The prologue tells a poetic story that establishes a motif of personal treasures and difficult adjustments that will run through the evening. From that we go to the first of the individual stories, and the first of the problems. Katie Tupper plays Jing-mei Woo, and establishes the narrative format of the play. The problem is that she also establishes the lack of vocal variety, clear emphasis and vivacity that will also characterize too much of the performance. With other narrators, like the excellent Mona Armonio Leach, we begin to realize how very uneven the skills of the performers are. As much as the individual talent, however, the problems with this production have to do with the unvarying tone, and the lack of a clear dramatic arc to the play. Things happen, some more and some less intense, some funny, some tragic, some commonplace. The problem is that they are all roughly equal in emphasis, and a constant tone of quiet significance, and respectful essaying makes them all blend together. I think this is a perfect example of the dangers of the writer directing his own work. It all seems very much like the terrain of the written page, and not enough like the vital landscape of the stage.

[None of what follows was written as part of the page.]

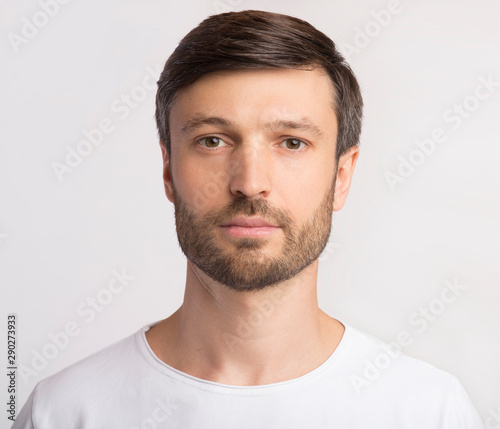 Portrait Of Man Looking At Camera Over White Background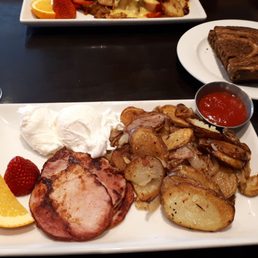 Northshore Breakfast Canadian back bacon, potatoes, poached eggs and rye bread. Northshore Breakfast Canadian back bacon, potatoes, poached eggs and rye bread.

Some very unfortunate design adds to the substantial performance problems. The multi-level set (also by Mr. Hsieh) is attractive but rather sprawling, and seems to take away some of the play's essential intimacy. The placement of the Mah Jong game on the extreme stage left makes it seem too peripheral for such a central element. The lighting, by Jon Harmon, is awful. Characters are often left wandering in and out of their light, and faces are plagued by unintentional shadows. Mary Petrick's costumes were the outstanding technical element, well-designed and attractive.
"Joy Luck Club" is an important and rich piece of literature, and this very large cast makes an ambitious and intermittently successful attempt at mining its potential. What they are not able to do is to make it into powerful and affecting drama. The stage is not a place for reading, no matter how wonderful the novel may be.